The mRNA expression of ANXII was investigated in 16HBE cells following treatment with hNE. Trypan staining was used to evaluate the viability of 16HBE cells following treatment with hNE. Further research depended on >95% cell viability. As shown in Fig. 1A and B, the normalized ANXII mRNA level exhibited a dose- and time-dependent increase following stimulation with hNE. However, a higher dose of 12 μg/ml hNE or extending the stimulation time to >4 h failed to induce a significantly higher transcription of ANXII in 16HBE cells (Fig. 1A and B).
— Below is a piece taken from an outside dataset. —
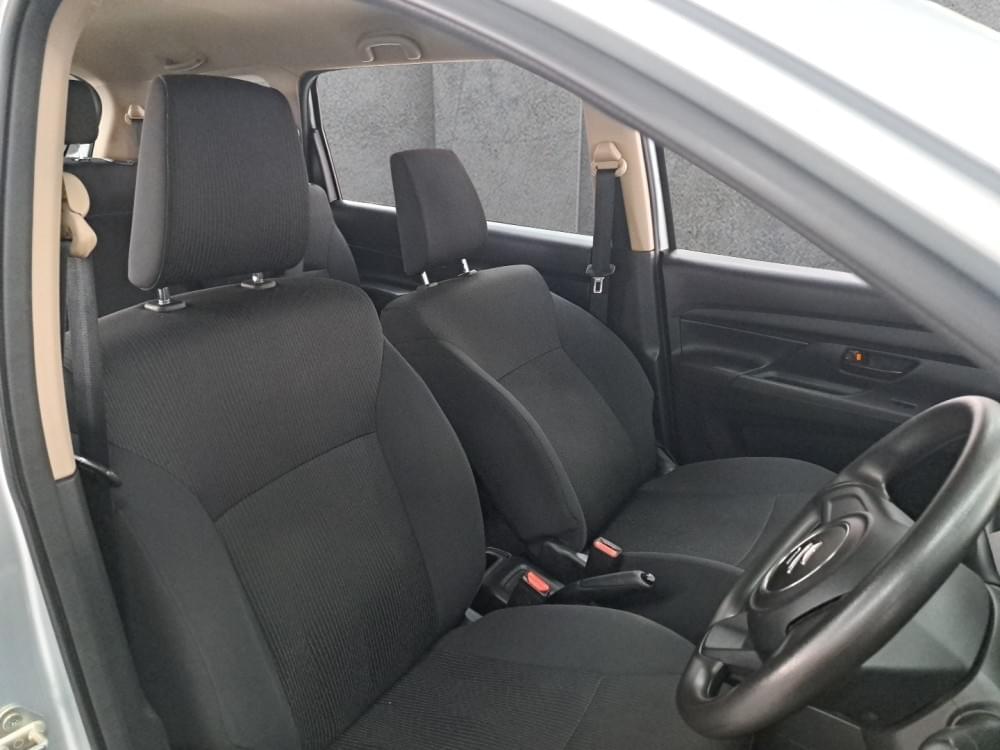 Suzuki Ertiga 1.5 Ga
Furthermore, ANXII protein in 16HBE cells was detected by western blotting. The expression levels of ANXII in 16HBE cells were normalized by β-actin. As shown in Fig. 1C a concentration of hNE ranging from 4 to 12 μg/ml significantly increased the synthesis of ANXII in 16HBE cells. However, no significant differences were observed between 16HBE cells stimulated by 8 or 12 μg/ml hNE in the synthesis level of ANXII (Fig. 1C). Stimulation of hNE increased the expression of ANXII in 16HBE cells in a time-dependent manner. However, extending the exposure time to >8 h failed to induce a further increase of ANXII expression compared with the 4 h exposure group (Fig. 1D).
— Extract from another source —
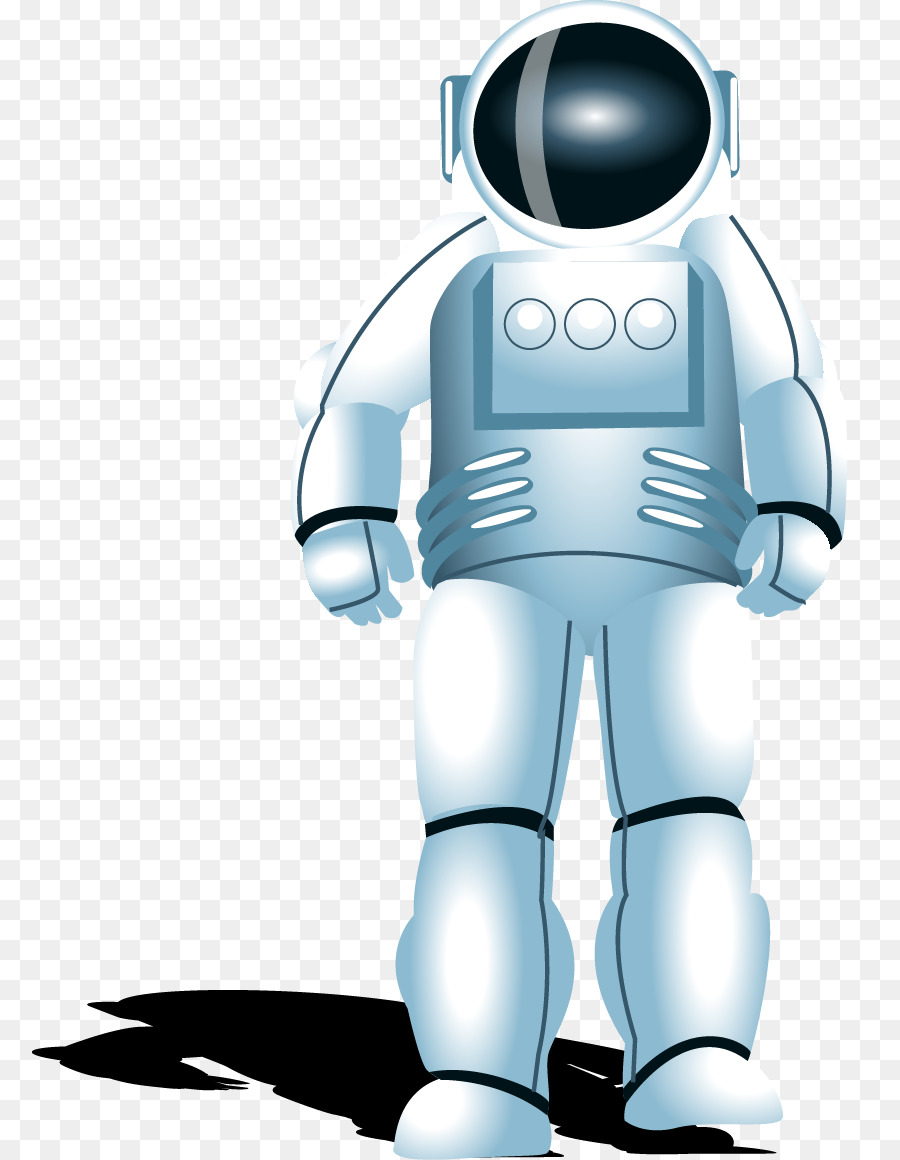 Astronauta，Espaço PNG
As mentioned previously, NE upregulated the expression of ANXII. To further investigate the distribution of ANXII protein in stimulated 16HBE cells, ANXII was visualised by cell immunochemistry. Immunoreactivity was performed using laser confocal microscopy and Leica Confocal Software. ANXII was recruited to the plasma membrane in 16HBE cells treated for 4 h with 8 μg/ml NE but not in the untreated control cells (Fig. 2A and B). The phosphorylation of ANXII and the formation of an ANXII heterotetrameric complex (p90), which has been demonstrated to be more efficient than monomeric p36, has been reported to be dependent on the activation of PKC (14). Therefore, it was investigated whether PKC participated in the redistribution of ANXII in stimulated 16HBE cells. 16HBE cells were preincubated with the PKC inhibitor bisindolylmaleimide I (500 nmol/l) and subsequently stimulated with NE, as described previously. Images were captured using a laser confocal microscope (Fig. 2C). Pretreatment with bisindolylmaleimide I markedly reduced the recruitment of ANXII to the cell membrane in NE-stimulated 16HBE cells.
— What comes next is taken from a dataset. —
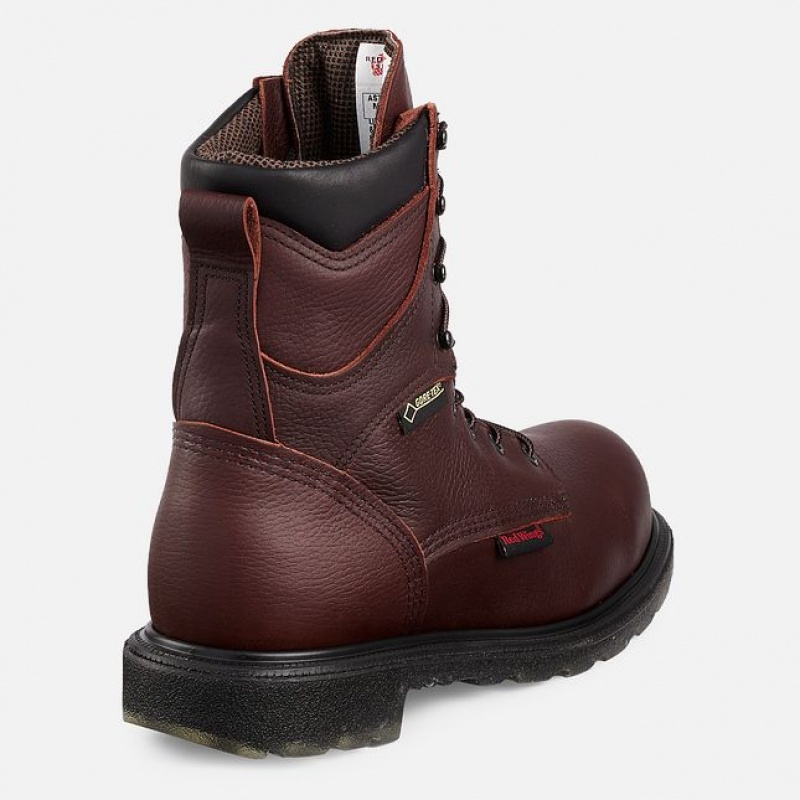 Red Wing SuperSole® 2.0 Arbeitsstiefel Herren | 7690QEJHK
In order to investigate whether ANXII is required for the secretion of MUC5AC, a specific siRNA that targets ANXII was designed. The downregulation of ANXII in 16HBE cells using ANXII siRNA was verified by western blotting (Fig. 3A). The secretion of MUC5AC into the cell culture supernatant was measured by ELISA. NE increased MUC5AC secretion by ~3-fold after 4 h. 16HBE cells transfected with ANXII siRNA secreted significantly less MUC5AC following stimulation with NE (Fig. 3B). Treatment with bisindolylmaleimide I partially reduced the secretion of MUC5AC in NE-stimulated 16HBE cells. The MUC5AC retained in the endochylema was visualised by cell immunochemistry. The retained MUC5AC in the 16HBE cells was quantified using the fluorescence intensity ratio and was compared with the untreated control (Fig. 3C–G). 16HBE cells transfected with ANXII siRNA exhibited poor levels of MUC5AC secretion following incubation with NE, and the retained MUC5AC level was significantly higher in the endochylema compared with that in the NE-treated group (Fig. 3H, P<0.05).